United States v. Witt

                                                       United States Court of Appeals
                                                                Fifth Circuit
                                                             F I L E D
               IN THE UNITED STATES COURT OF APPEALS
                       FOR THE FIFTH CIRCUIT                  June 29, 2006

                                                          Charles R. Fulbruge III
                                                                  Clerk
                           No. 05-51216
                         Summary Calendar



UNITED STATES OF AMERICA,

                                    Plaintiff-Appellee,

versus

DONNIE EARL WITT,

                                    Defendant-Appellant.
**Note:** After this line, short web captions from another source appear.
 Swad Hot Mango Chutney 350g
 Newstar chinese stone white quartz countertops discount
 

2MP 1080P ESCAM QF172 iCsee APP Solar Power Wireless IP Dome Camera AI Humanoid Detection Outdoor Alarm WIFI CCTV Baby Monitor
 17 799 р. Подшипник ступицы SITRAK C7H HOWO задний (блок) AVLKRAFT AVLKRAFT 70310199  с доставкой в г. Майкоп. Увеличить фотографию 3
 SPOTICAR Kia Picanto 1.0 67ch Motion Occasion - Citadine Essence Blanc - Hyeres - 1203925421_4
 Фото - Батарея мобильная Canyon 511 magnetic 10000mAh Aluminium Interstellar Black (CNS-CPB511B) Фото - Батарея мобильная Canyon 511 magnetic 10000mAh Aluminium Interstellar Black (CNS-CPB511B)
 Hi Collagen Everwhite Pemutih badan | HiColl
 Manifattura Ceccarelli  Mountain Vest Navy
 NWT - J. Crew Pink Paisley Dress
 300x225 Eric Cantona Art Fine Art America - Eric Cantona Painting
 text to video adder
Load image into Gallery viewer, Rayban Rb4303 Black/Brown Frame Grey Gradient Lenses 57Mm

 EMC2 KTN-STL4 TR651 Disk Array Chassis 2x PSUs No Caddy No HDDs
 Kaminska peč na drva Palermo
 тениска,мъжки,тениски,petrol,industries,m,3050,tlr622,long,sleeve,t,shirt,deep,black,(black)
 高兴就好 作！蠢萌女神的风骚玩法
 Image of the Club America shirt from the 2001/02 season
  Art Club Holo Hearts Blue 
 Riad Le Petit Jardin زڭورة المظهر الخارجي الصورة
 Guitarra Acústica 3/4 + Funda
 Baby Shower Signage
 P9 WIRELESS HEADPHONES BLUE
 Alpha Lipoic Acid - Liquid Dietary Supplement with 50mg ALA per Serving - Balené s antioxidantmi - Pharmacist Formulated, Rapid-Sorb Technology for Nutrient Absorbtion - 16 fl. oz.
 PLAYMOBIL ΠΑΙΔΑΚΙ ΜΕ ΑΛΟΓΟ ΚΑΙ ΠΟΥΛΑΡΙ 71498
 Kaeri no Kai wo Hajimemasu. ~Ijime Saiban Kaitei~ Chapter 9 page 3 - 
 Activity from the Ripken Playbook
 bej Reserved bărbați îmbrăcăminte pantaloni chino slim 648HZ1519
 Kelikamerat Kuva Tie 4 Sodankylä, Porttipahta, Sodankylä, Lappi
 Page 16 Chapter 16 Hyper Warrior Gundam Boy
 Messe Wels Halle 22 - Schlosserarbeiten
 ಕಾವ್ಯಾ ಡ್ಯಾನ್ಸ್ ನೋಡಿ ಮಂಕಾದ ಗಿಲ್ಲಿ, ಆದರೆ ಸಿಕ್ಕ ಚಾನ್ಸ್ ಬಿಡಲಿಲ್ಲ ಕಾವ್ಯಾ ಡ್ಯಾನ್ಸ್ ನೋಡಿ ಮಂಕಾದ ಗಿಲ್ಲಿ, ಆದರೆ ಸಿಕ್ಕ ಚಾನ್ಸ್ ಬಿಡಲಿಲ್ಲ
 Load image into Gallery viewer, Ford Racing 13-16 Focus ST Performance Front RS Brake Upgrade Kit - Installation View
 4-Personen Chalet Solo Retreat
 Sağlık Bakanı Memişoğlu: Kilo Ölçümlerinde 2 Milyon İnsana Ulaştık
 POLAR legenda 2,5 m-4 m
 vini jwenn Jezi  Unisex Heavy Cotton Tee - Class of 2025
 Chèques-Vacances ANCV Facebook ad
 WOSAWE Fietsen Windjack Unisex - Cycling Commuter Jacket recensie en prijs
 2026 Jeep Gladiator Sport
                       --------------------
          Appeal from the United States District Court
                for the Western District of Texas
                      USDC No. 6:04-CR-131-1
                       --------------------

Before KING, WIENER, and DeMOSS, Circuit Judges.

PER CURIAM:*

     Donnie Earl Witt challenges his conviction and sentence for

sexually exploiting a child through the production of child

pornography, in violation of 18 U.S.C. § 2251(a) and (e).       First

he asserts that the district court abused its discretion in

denying his motion to withdraw his guilty plea.    We find no abuse

of discretion because Witt has not shown a fair and just reason

why the plea should be withdrawn.   He freely admits that he

induced, enticed, and/or coerced the victim into participating in


     *
       Pursuant to 5TH CIR. R. 47.5, the court has determined that
this opinion should not be published and is not precedent except
under the limited circumstances set forth in 5TH CIR. R. 47.5.4.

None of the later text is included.